++++ SOURCE RECORDS ++++

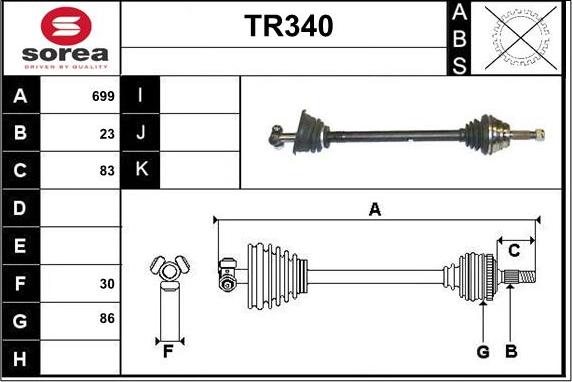 Sera TR340 - Приводний вал avtolavka.club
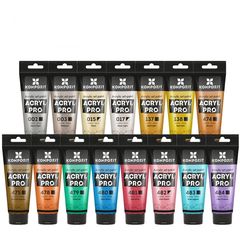 Set metallischer Acrylfarben ACRYL PRO Kompozit 15x75 ml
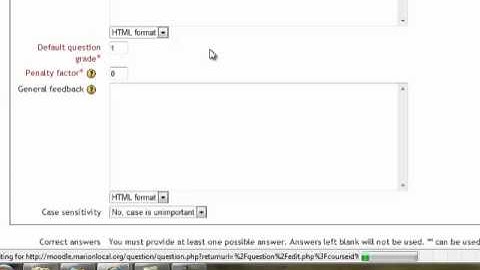 Moodle Quiz - Short Answer Question
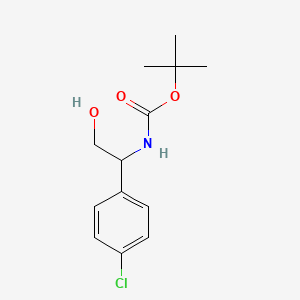 Chemical structure of tert-Butyl (1-(4-chlorophenyl)-2-hydroxyethyl)carbamate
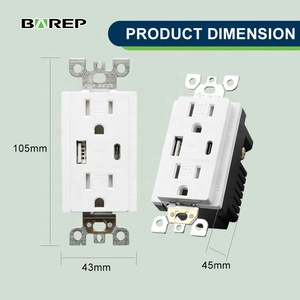 Toma de Corriente Doble de Pared Barep con Certificación UL de 15A, con Puertos USB-A de 4.8A y Tipo C, Resistente a Manipulaciones - Product Image 2
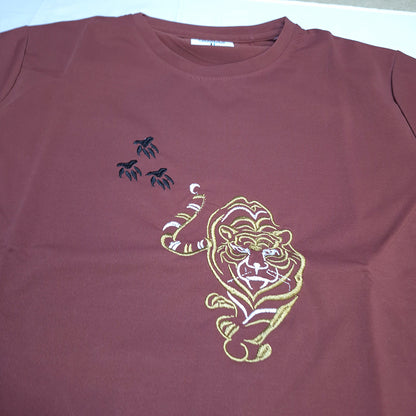 The Brave Tiger Embroidered Tee (Rust Brown)(1017)
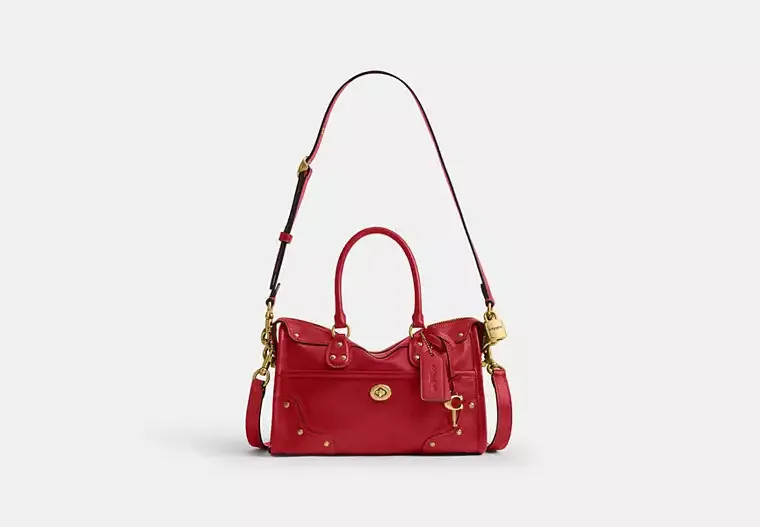 Coach Rider Satchel Bag 24 CFN69 B4POP Brass/Poppy Authentic New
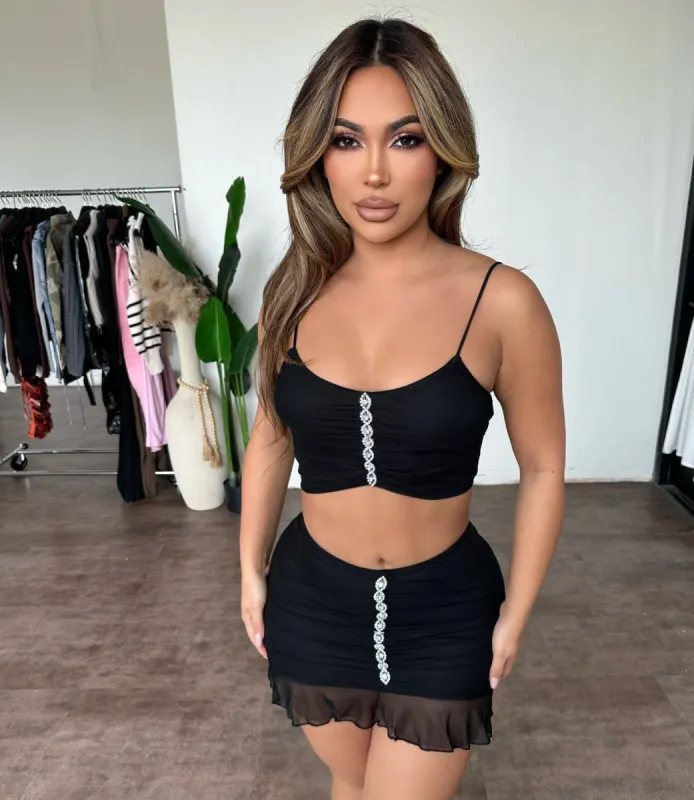 Holly Rhinestone Set(Black) sold by OOTDFash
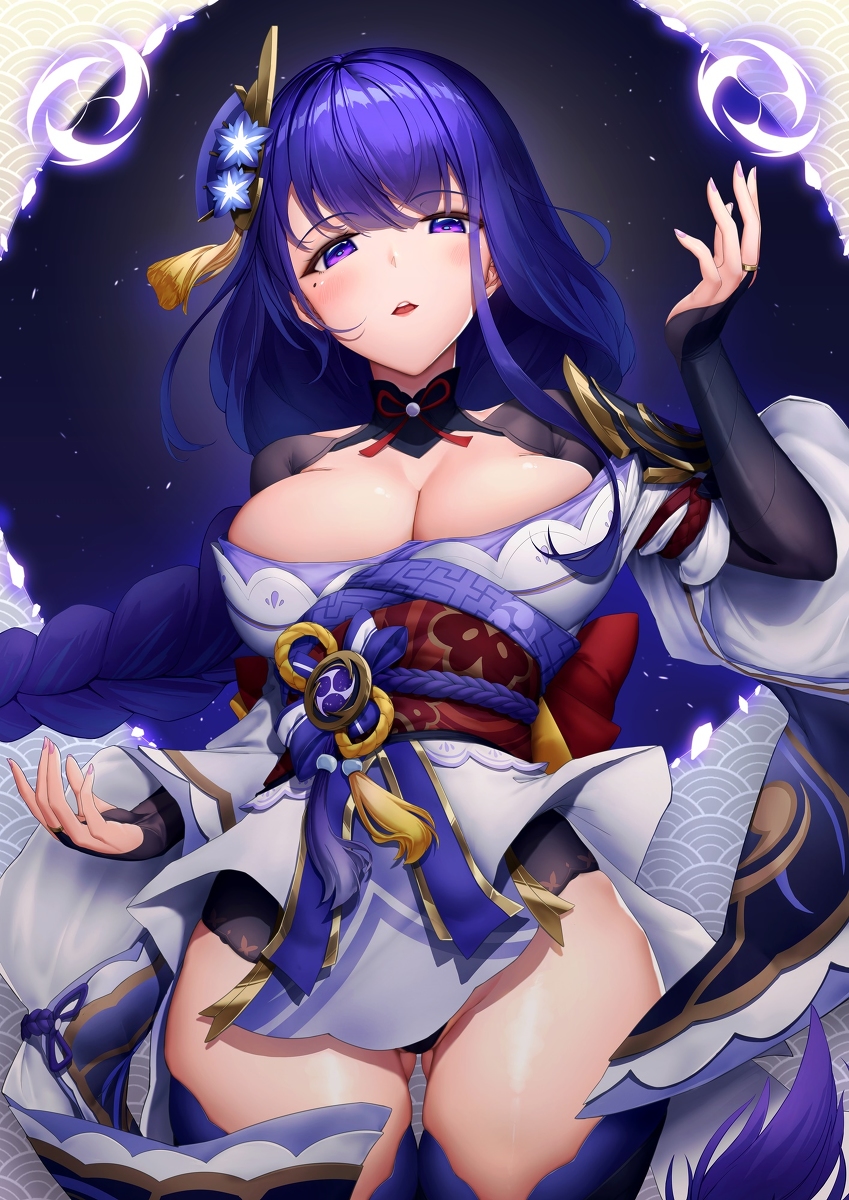 This is a pixiv picture whose title is 「雷電影～夢想の一太刀～」（刀無きver,）.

++++

Each record above is to be restated exactly, with its pictures removed from the copy.

 Sera TR340 - Приводний вал avtolavka.club
 Set metallischer Acrylfarben ACRYL PRO Kompozit 15x75 ml
 Moodle Quiz - Short Answer Question
 Chemical structure of tert-Butyl (1-(4-chlorophenyl)-2-hydroxyethyl)carbamate
 Toma de Corriente Doble de Pared Barep con Certificación UL de 15A, con Puertos USB-A de 4.8A y Tipo C, Resistente a Manipulaciones - Product Image 2
 The Brave Tiger Embroidered Tee (Rust Brown)(1017)
 Coach Rider Satchel Bag 24 CFN69 B4POP Brass/Poppy Authentic New
 Holly Rhinestone Set(Black) sold by OOTDFash
 This is a pixiv picture whose title is 「雷電影～夢想の一太刀～」（刀無きver,）.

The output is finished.